Im 2. Teil seiner Europa-Betrachtung geht der Green-Economy Berater Klaus Egger auf weitere brisante Wahlkampfthemen ein: das Freihandelsabkommen, die Finanzwelt sowie die kleinen und mittleren Unternehmen.

Die kleinen und mittleren Unternehmen als Rückgrat der Wirtschaft

Die 23 Millionen kleinen und mittleren Unternehmen (KMU) in der EU sind das Rückgrat der europäischen Wirtschaft: Über 98% aller Unternehmen gehören dieser Kategorie an. Zudem entfallen auf sie zwei Drittel aller Arbeitsplätze im Privatsektor und ca. 80% aller in den letzten fünf Jahren neu geschaffenen Stellen. KMU’s sind Unternehmen mit weniger als 250 Mitarbeitern. In Südtirol werden zu KMU’s sogar nur Betriebe bis zu 99 Mitarbeitern gezählt und davon haben wir in unserem Land von den 60.000 Unternehmen 96,5%.

Das ist der wahre Motor der Wirtschaft. Wobei es nicht darum geht wer nun besser ist oder mehr Wertschöpfung schafft: die „Großen“ (die Konzerne) oder die „Kleinen“ (die KMU’s)? Es braucht alle. Nur die Vorgangsweisen um diese beiden Wirtschaftsbereiche in eine neue, nachhaltige Zukunft zu führen sind eben unterschiedlich.

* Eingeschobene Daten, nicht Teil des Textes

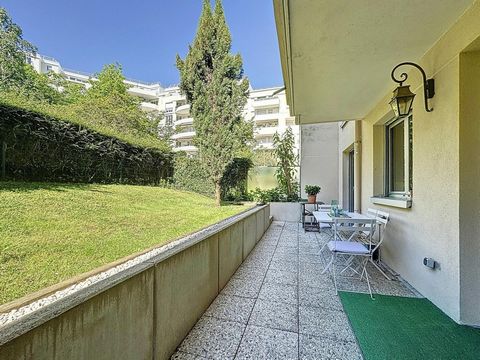 BECON LES BRUYERES, JOLI 2 PIECES AVEC TERRASSE ET JARDIN - PLACE DE PARKING ET CAVE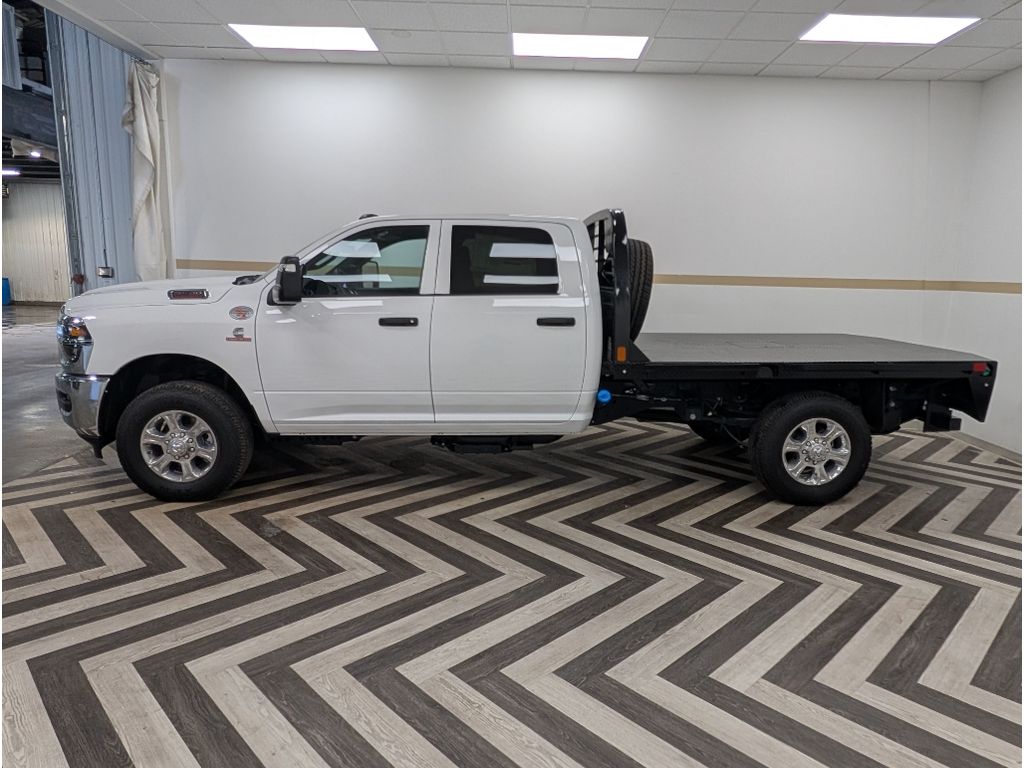 2025 Ram 3500 Tradesman photo 2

Wo die „Großen“ die Regulierungen benötigen, brauchen die „Kleinen“ Unterstützung und Erleichterungen. Viele Gesetze und Auflagen, wofür die „Großen“ eigene Büros und Fachkräfte haben, können die „Kleinen“ organisatorisch nicht bewältigen. Man nimmt ihnen den Sauerstoff zum arbeiten und somit auch die Lust und Freude an der Selbstständigkeit. Neue wirtschaftliche Ansätze wie z.B. die Gemeinwohlökonomie (es gibt aber auch andere) sind für große Konzerne praxisuntauglich, für die KMU’s könnten sie aber den entscheidenden Wettbewerbsvorteil bringen, wenn die Politik ihnen diesen Weg ebnet.

Argument 3 für werdende EU PoltikerInnen: Erklärt der „kleinen Wirtschaft“ wie ihr sie unterstützen wollt und wie ihr ihnen wieder Freiraum geben könnt, damit sie für das Gemeinwohl arbeiten dürfen.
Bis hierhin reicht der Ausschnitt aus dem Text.